A very obvious manifestation of the resultant ambiguities is that the Treasury is planning to retain forecasting skills in order that Ministers may make informed judgments on the impact of various policies. As the noble Lord made clear in Committee, this may lead to the extraordinary situation in which the Treasury could reject the official forecast. Such paradoxes are the inevitable outcome of the peculiar, ambiguous status of the OBR.
Given this peculiar status, it has been the objective of this side of the House to reinforce the independence of the OBR wherever we might. After all, if there is not widespread confidence in that independence, the legislation will have failed. To that end, I am pleased that the Government have—in the form of Amendments 1, 2 and 4—accepted our argument that the non-executive members of the OBR should be given clear roles, including, most importantly, that of guardians of the independence of the OBR and, as we shall see in later amendments to be considered by the House, that of securing third-party monitoring of the OBR’s performance. We are pleased to support Amendments 1, 2 and 4.
There are two other important amendments in this heterogeneous group—I am sure that, listening to the Minister introducing the amendments, noble Lords might have been rather puzzled about why they are in a single group. Following suggestions made by this side and by the noble Lord, Lord Newby, Amendment 11 clarifies the previously obscurantist Clause 5(3). Will the Minister confirm that Clause 5(3) as amended will ensure that the evaluation of the relevant government policies will essentially be part and parcel of all the OBR’s work, including the work outlined and defined in the charter?

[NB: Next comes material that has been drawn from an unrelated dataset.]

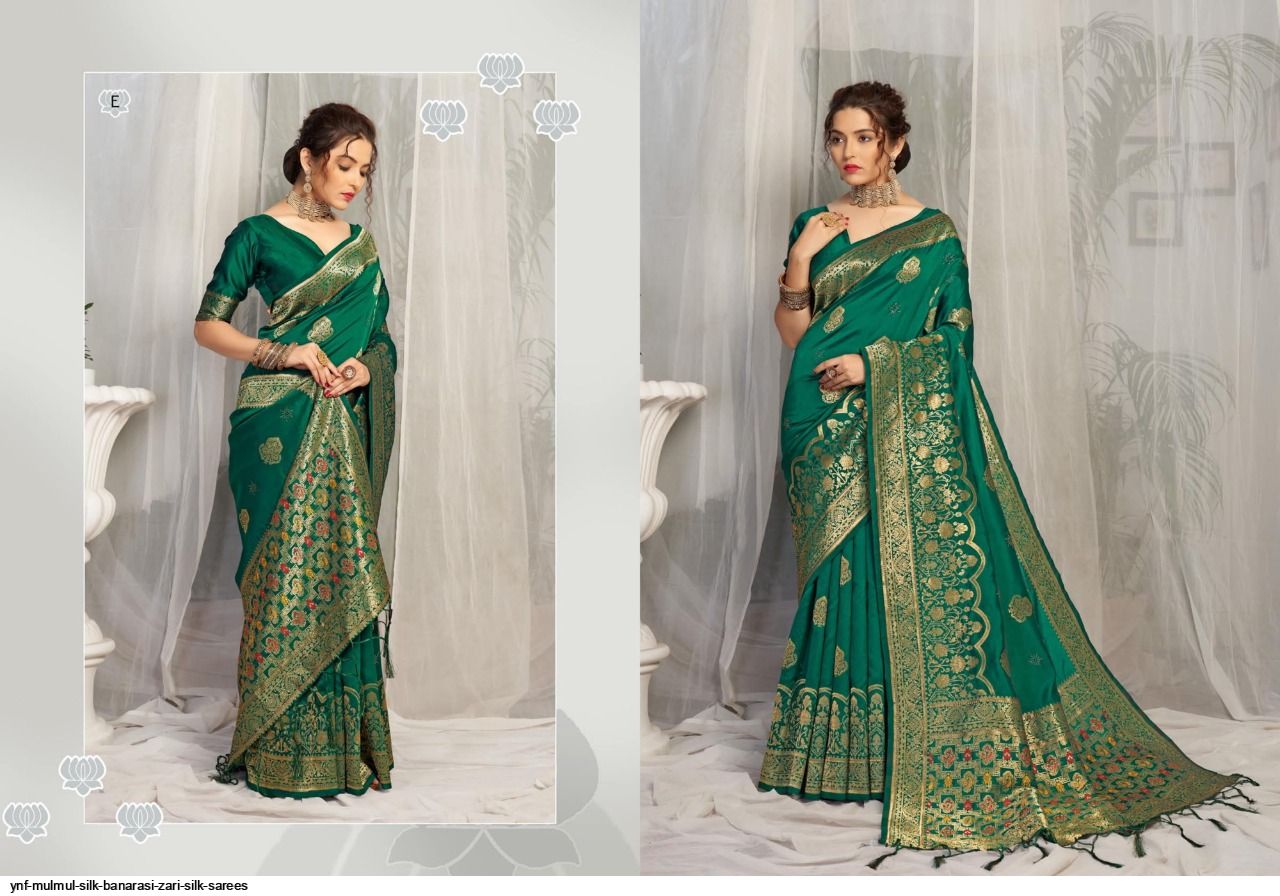 Ynf Mulmul Silk Banarasi Zari Silk Sarees 2535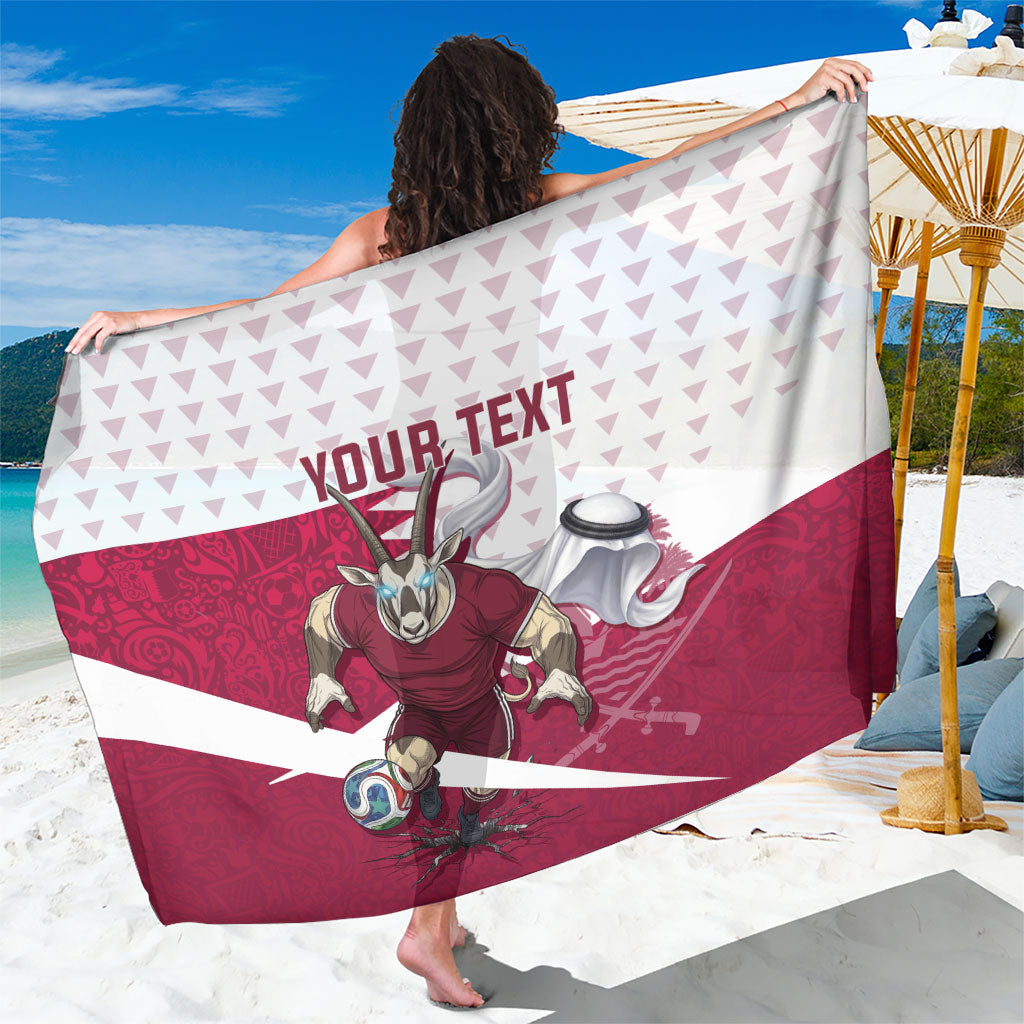 Personalized Qatar Soccer Sarong Arabian Oryx Football Mascot - Comic Art Geometric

Amendment 12 is an acceptance of our argument that it is preposterous that the Treasury should, via the charter, be able to qualify the meaning of the requirement for the OBR to perform its duties “objectively, transparently and impartially”. I am delighted that the amendment will remove that nonsense. Will the Minister make it clear that the remaining requirement—which is, so to speak, all that is left—in Clause 6, which provides that the charter
“may include guidance to the Office about how it should perform its duty under section 4, including (in particular) guidance about … the time at which it is to prepare any forecast, assessment or analysis”,
can now refer only to the time at which the OBR should perform its duties under Clause 4? Do any wider, unspecified powers of direction remain? It would helpful if the Minister could clarify that, since Clause 6 will now have been changed to such an extent that it is not entirely clear what subsection (3) now refers to when it refers back to subsection (1).
Finally, in Amendment 13 the Government have responded to our criticism about the lack of adequate parliamentary scrutiny of the charter by requiring that a draft of any modification be published 28 days before the charter is laid before Parliament to be approved by resolution of the House of Commons. This is an important improvement on what went before, but even so—as the noble Lord, Lord Newby, said in Committee—the charter is subject only to vestigial parliamentary scrutiny. The important word in this context is “vestigial”.
That raises an important issue mentioned in the notes distributed with the amendments for the Report stage. Noble Lords will recall that several elements of the charter came in for stiff criticism in Grand Committee, yet the notes that accompany this stage declare that the revised charter will be published only after the Bill has received Royal Assent. That cannot be right. The failure to provide a revised charter deprives Members of another place of the opportunity to relate the charter in the Government’s preferred form to their substantive discussion of the Bill. In effect, this is the Government stifling debate on the charter. Will the Minister give me an assurance that this underhand way of going about things will be rescinded and that the revised charter will be published in good time for its consideration by another place?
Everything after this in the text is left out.